● Data shown:
□ □ □ □ □
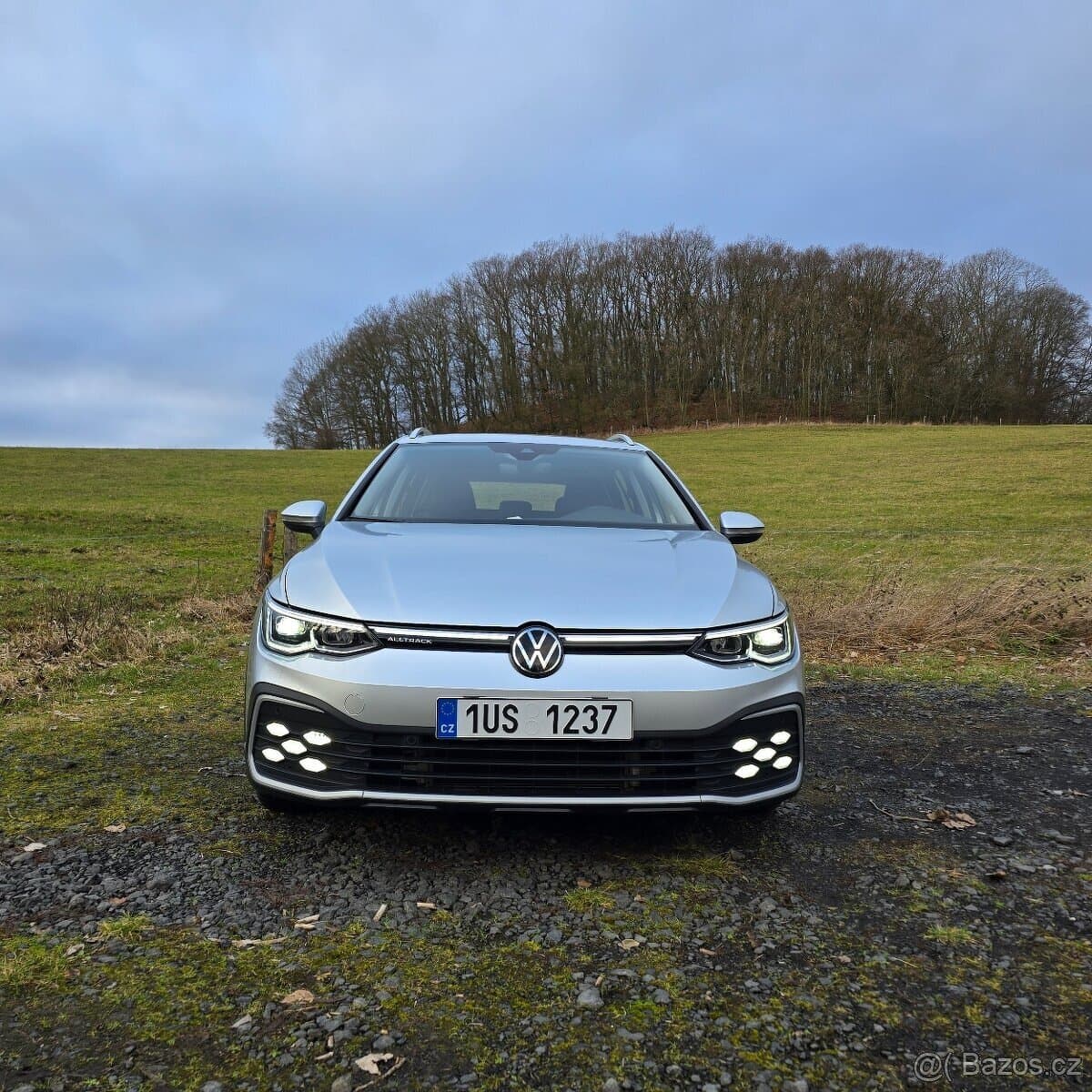 2022 Volkswagen GOLF - 6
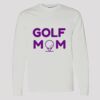 (5400) Heavy Cotton Long Sleeve T-Shirt Thumbnail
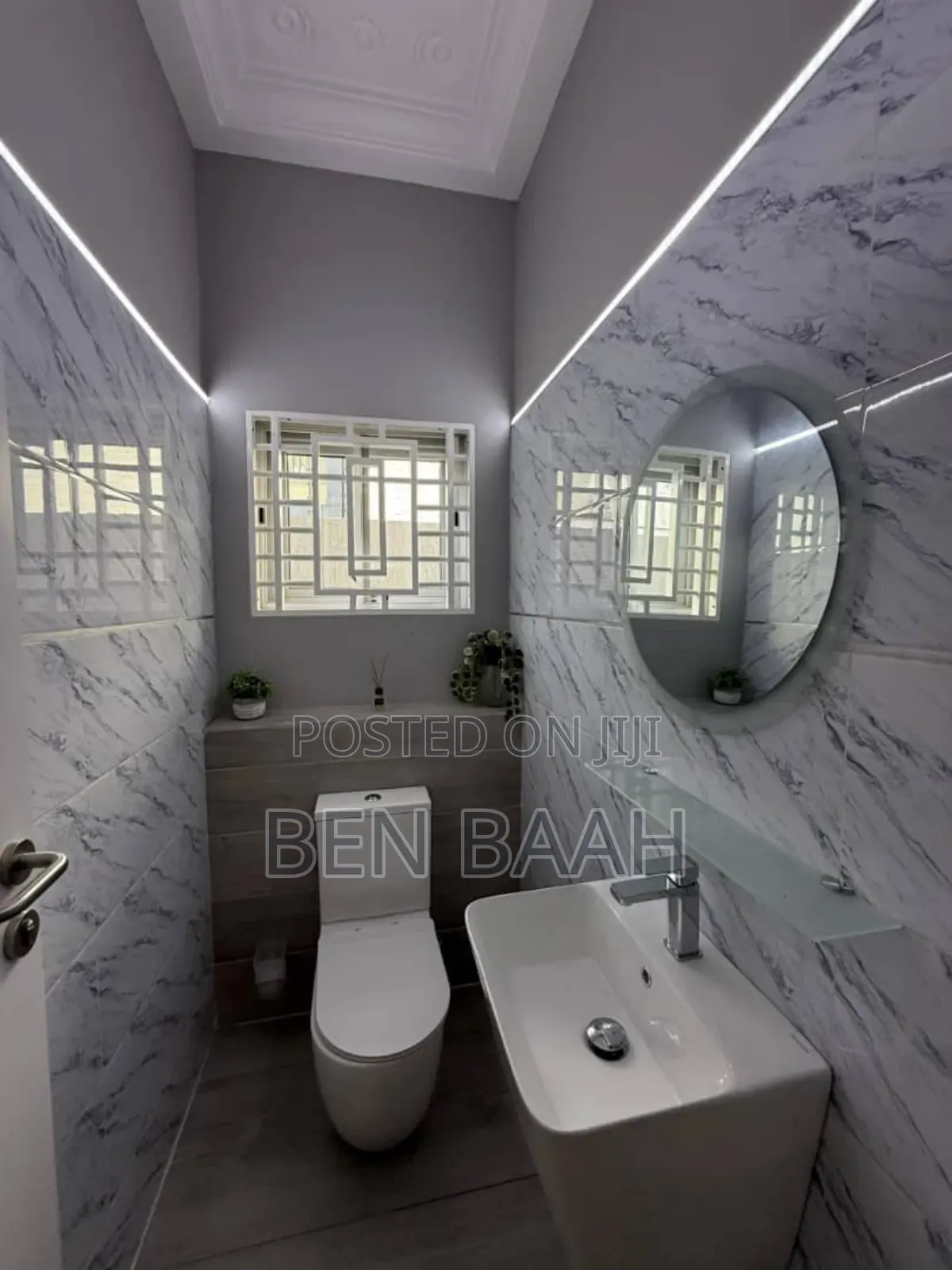 3bdrm House in Ben Properties, Adenta for sale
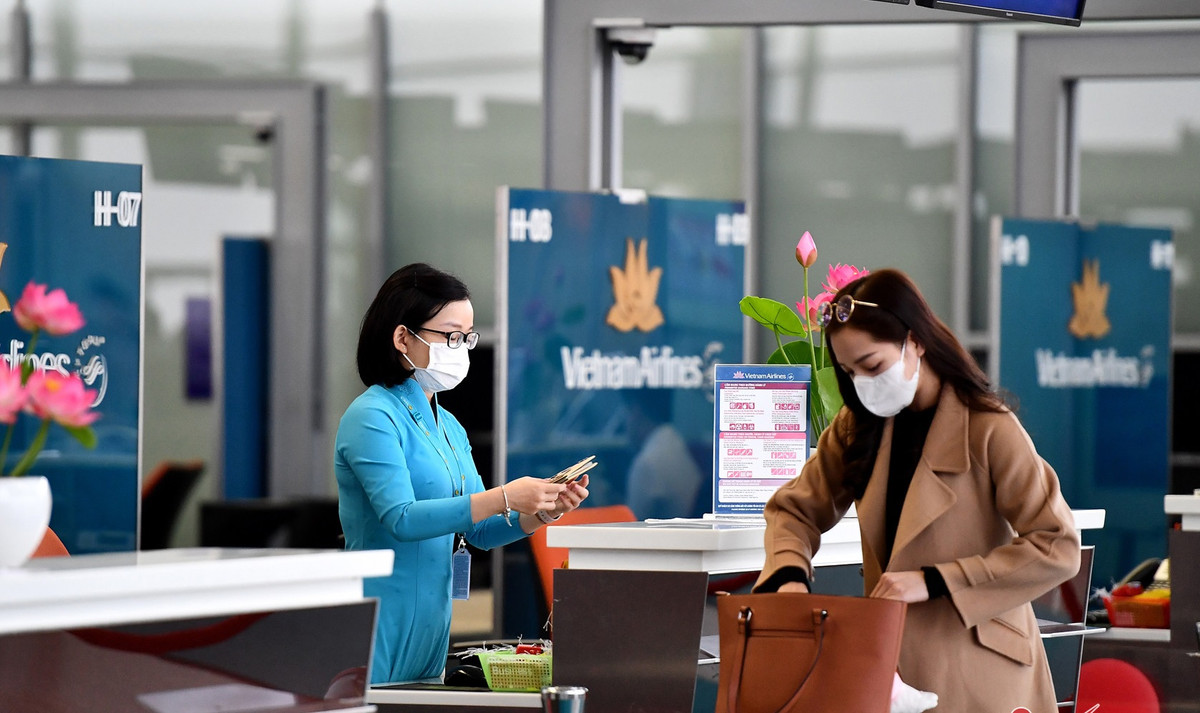 Du kien tang gia tran ve may bay, cao nhat gan 6,7%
□ □ □ □ □
● Work request: Strip out the pictures and reproduce the remaining material above exactly.

● Answer to the exercise:
 2022 Volkswagen GOLF - 6
 (5400) Heavy Cotton Long Sleeve T-Shirt Thumbnail
 3bdrm House in Ben Properties, Adenta for sale
 Du kien tang gia tran ve may bay, cao nhat gan 6,7%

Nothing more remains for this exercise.